中部横断自動車道は、昨年度末に上信越自動車道と接続する佐久小諸JCTから佐久南IC間が開通しました。現在、この間で調査された遺跡の整理作業が進められています。この近津遺跡群他の整理作業の状況を紹介します。
田切りの縁につくられた村
【近津遺跡群調査区全景(西から)】
遺跡の周辺は浅間山麓に厚く堆積した火砕流を河川が浸食した「田切り地形」が特徴的に見られます。近津遺跡群はこの田切りの谷に沿った台地縁辺に立地する古墳時代と平安時代の集落跡です。写真の左側に帯状に見える水田部分が田切り谷で、遺跡の広がる台地とは15m以上の比高差があります。
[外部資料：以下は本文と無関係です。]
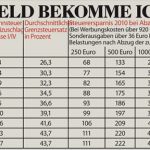 Steuererklärung Vorlage 2014 Süß Steuererklärung Tipps Zum Steuern Sparen News Überblick
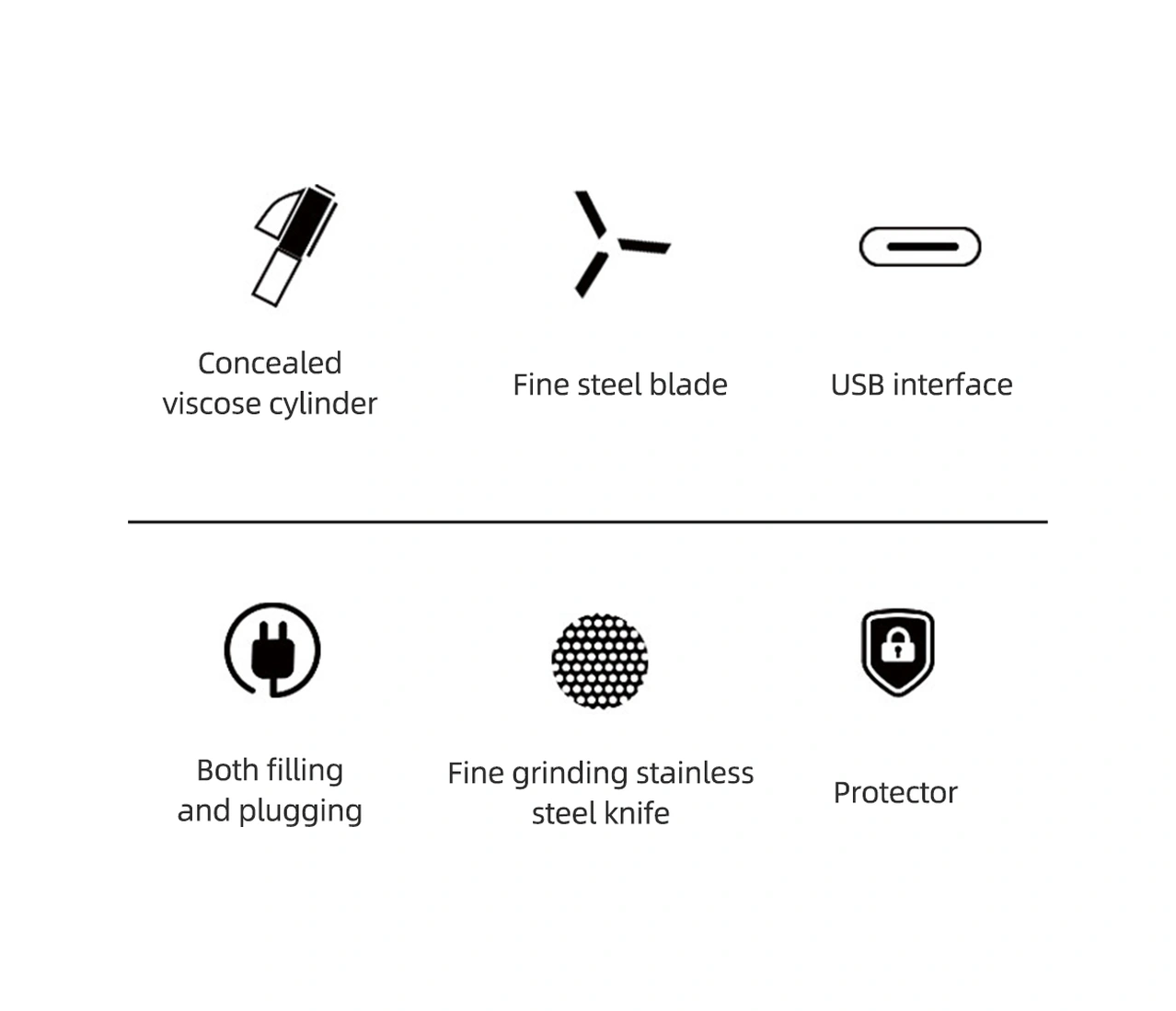 Yaleker Ev İçi 2'li Usb Şarjlı Tüy Dikeni Ve Topak Kaldırıcı - Taşınabilir, 7000 Devir/güncel Motor, Çok Amaçlı Kumaş Bakımı Aleti Beyaz Diğer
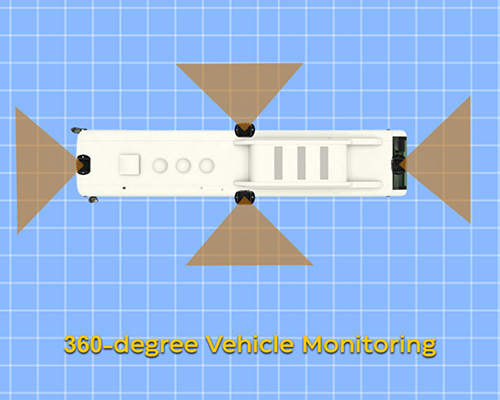 ICARVISIONS 360-degree panoramic Vehicle Monitoring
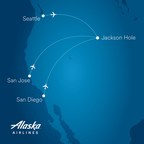 Pack your skis! Alaska Airlines announces new nonstop flights to Jackson Hole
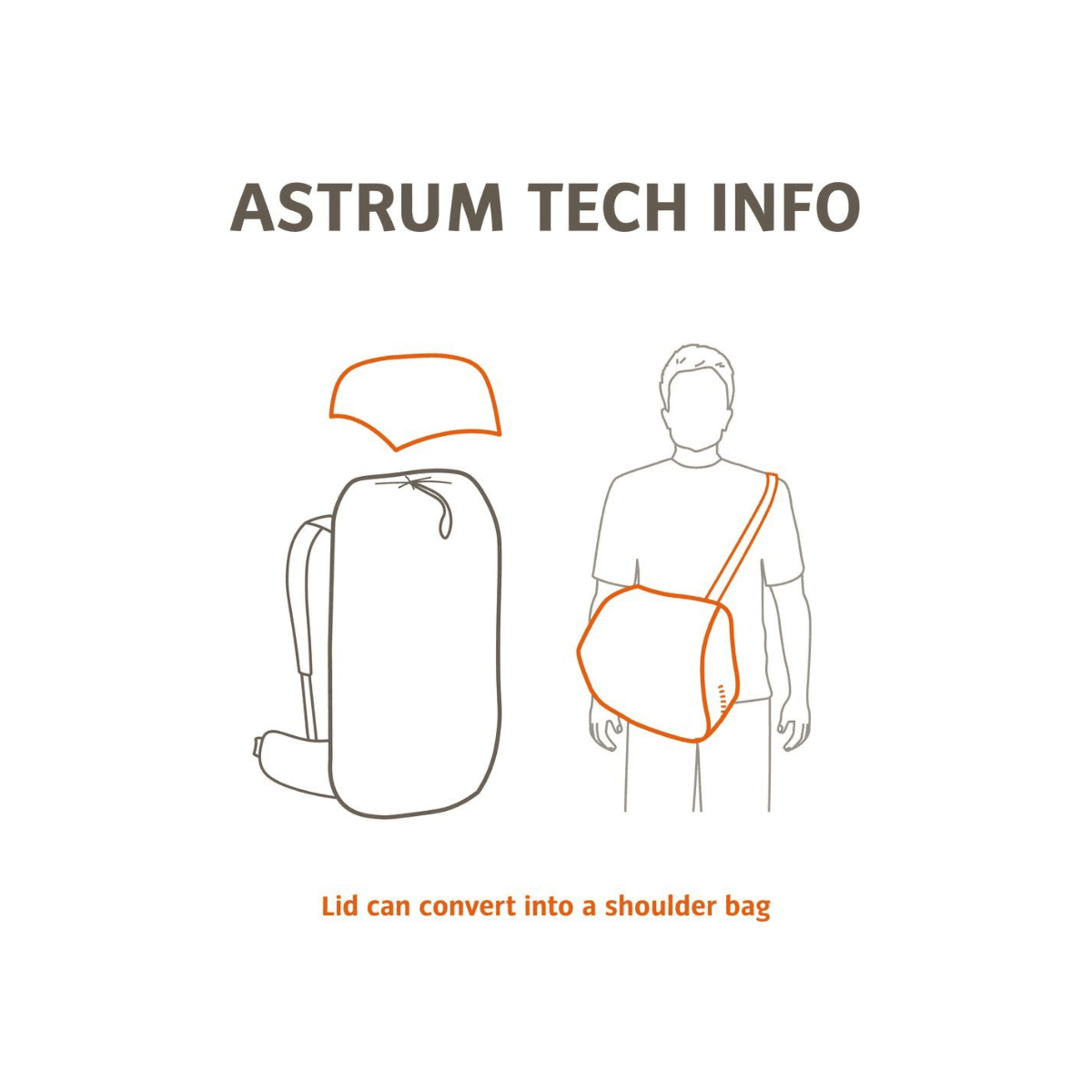 Sac à dos  technique trekking Astrum - 60L + 10 - Noir - Vaude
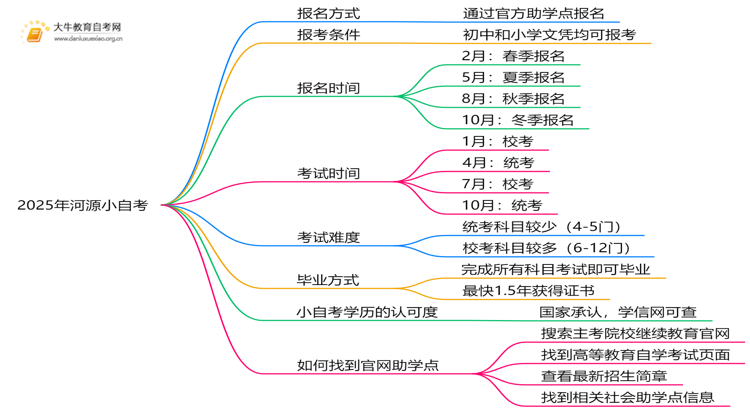 2025年河源小自考报名条件及时间思维导图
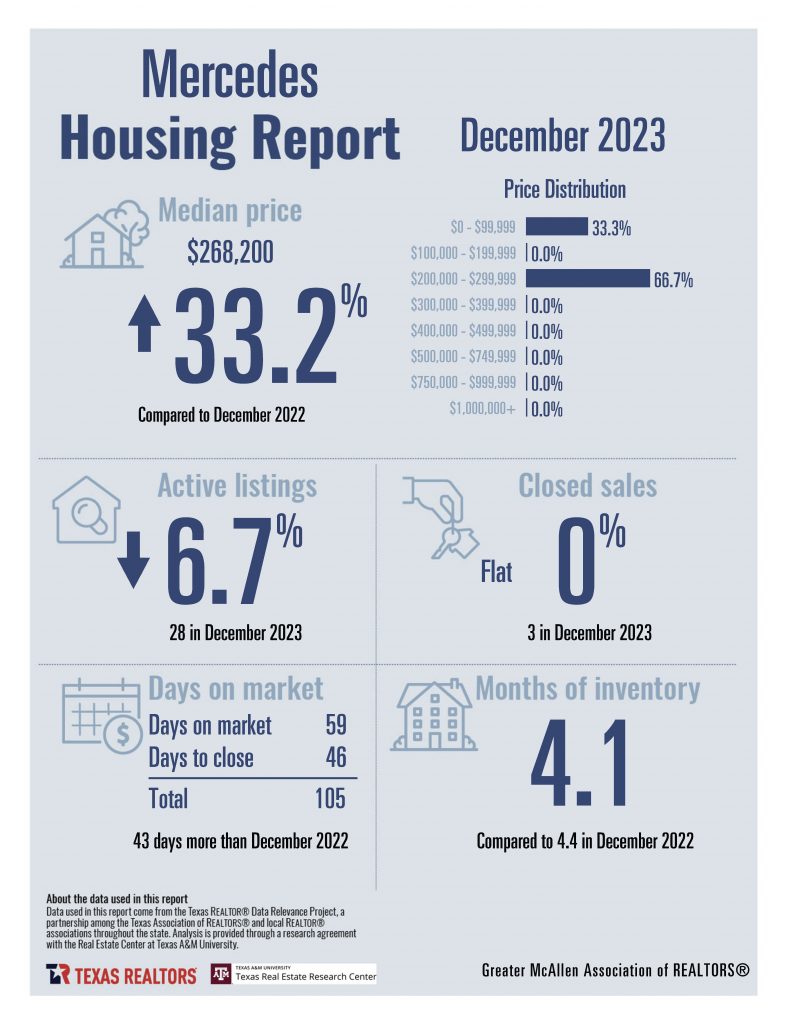 12 December 2023 Housing Stats_Page_09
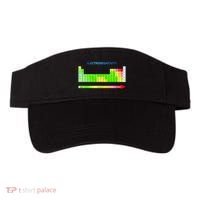 Electronegativity Values Periodic Table of Elements Visor thumb 0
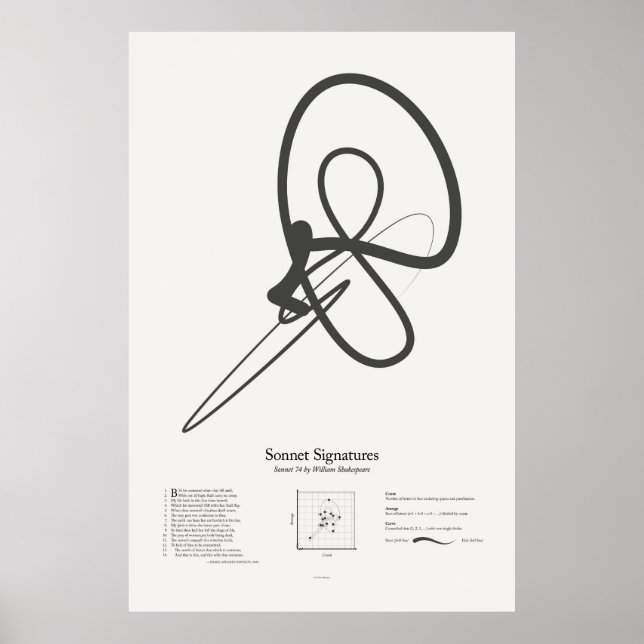 Sonnet Signatures: Sonnet 74 Poster (Front)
調査では古墳時代と平安時代の小規模な集落跡が発見されました。古墳時代では前期の住居跡29軒が、延長700m程の調査地区内に数箇所のまとまりを持つように検出されています。
佐久地域では広い台地上に形成された弥生時代後期の大規模集落が、古墳時代に継続せず、河川や田切りの縁などに分散・小規模化することが知られていて、近津遺跡群や隣接する小諸市鎌田原遺跡群はこうした状況を示す遺跡といえます。
【近津遺跡群出土の土器】
近津遺跡群ほか2遺跡の整理作業は、今年度から本格的に実施しています。整理作業では、出土遺物の分類、接合・復元作業を行い、現在実測作業を進めています。
出土遺物の詳細な検討はこれからですが、近津遺跡出土の古墳時代前期の土器は、弥生時代からの影響を残した土器に、器台等の新しい器種が加わって構成されている様子がわかってきました。
来年度は報告書刊行に向けて、出土遺物と検出された遺構との関係や周辺遺跡との比較・検討などにより、佐久地域における古墳時代前期の様相の一端が明らかにされるよう整理作業を進めていきます。